Action Alert: Philadelphia City Council to Vote on Oil Trains March 12th

March 11, 2015

You’ve seen them: the mile-long trains with black cylindrical cars full of fracked Bakken Shale oil, coming through Philadelphia neighborhoods, snaking along next to and over the Schuylkill River, mere yards from I-76 and I-95 in places. Every one of them is a potential disaster for residents, railway and emergency workers, and for the City of Philadelphia.

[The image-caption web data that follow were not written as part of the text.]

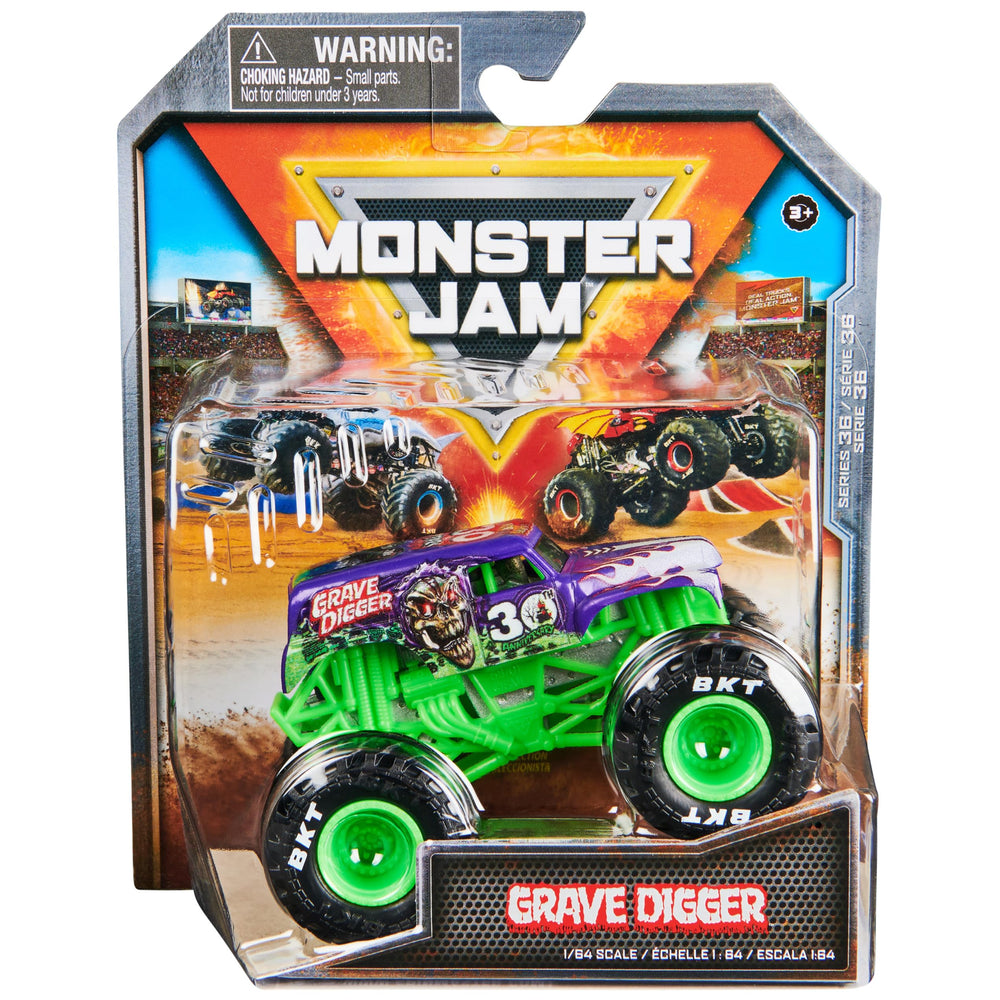 Monster Jam Grave Digger 1:64 die-cast truck with authentic detailing for play and display.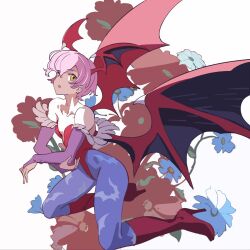 Rule 34 | 1girl, animal print, bare shoulders, bat print, bat wings, darkstalkers, demon girl, flat chest, futa yuri ryona, head wings, highleg, highleg leotard, highres, leotard, lilith (darkstalkers), looking at viewer, pantyhose, print pantyhose, purple hair, red leotard, short hair, simple background, solo, white background, wings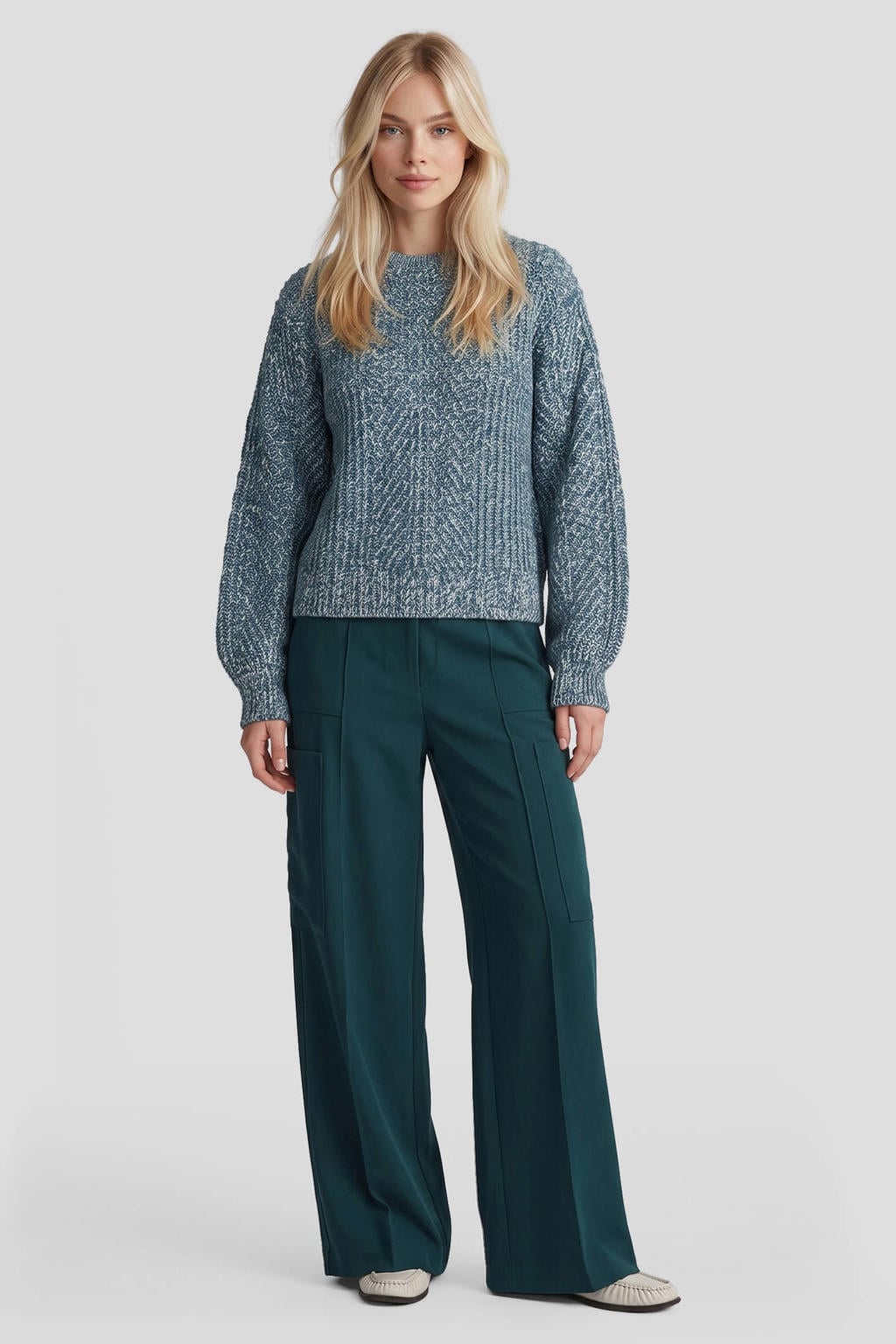FLURESK wide leg broek - petrol
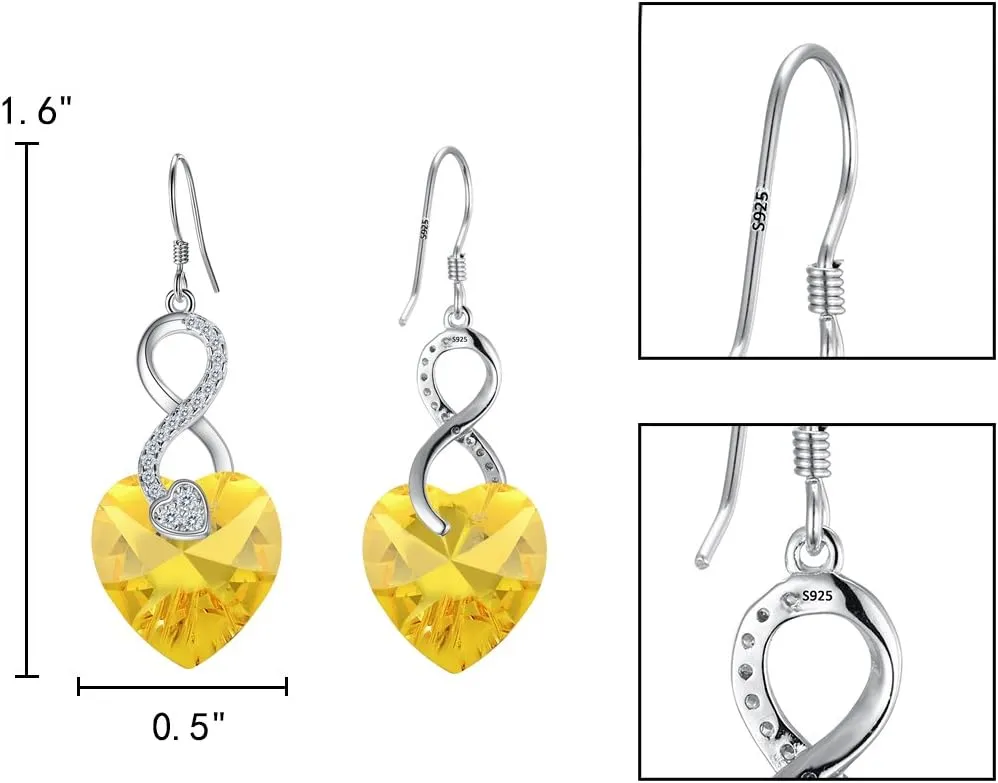 EleQueen 925 Sterling Silver CZ Love Heart Infinity Hook Dangle Earrings Made with Austrian Crystals for Women, Valentine's Day/Mother's Day/Christmas Jewelry Gift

We’ve had enough!  Tomorrow, Philadelphia City Council will finally vote on pressing the feds to ban the unsafe rail cars (and more: details below). Action in Philly can help provoke municipalities large and small all over America, where 25 million people are at risk from oil bomb trains, to act. So help us all make sure Philly does the right thing Thursday!

What: City Council Vote on Oil Trains Resolution #150129

When: Thursday, March 12, 10:00 am (it’s first on the agenda)

Where: Philadelphia City Hall, Broad and Market Streets, Philadelphia, PA 19107

Sign up: Arrive at 9:45 AM with photo ID and sign up in Room 400 to give public comment.(If you arrive late, you can still speak when asked whether anyone else wishes to speak. But please come on time to maximize the power of our presence!)

Bring small paper signs to hold up: “YES on oil train resolution” “STOP the oil train madness” “Oil trains kill!” “Protect Our People / Water / Climate / Safety: No Exploding Oil Trains!”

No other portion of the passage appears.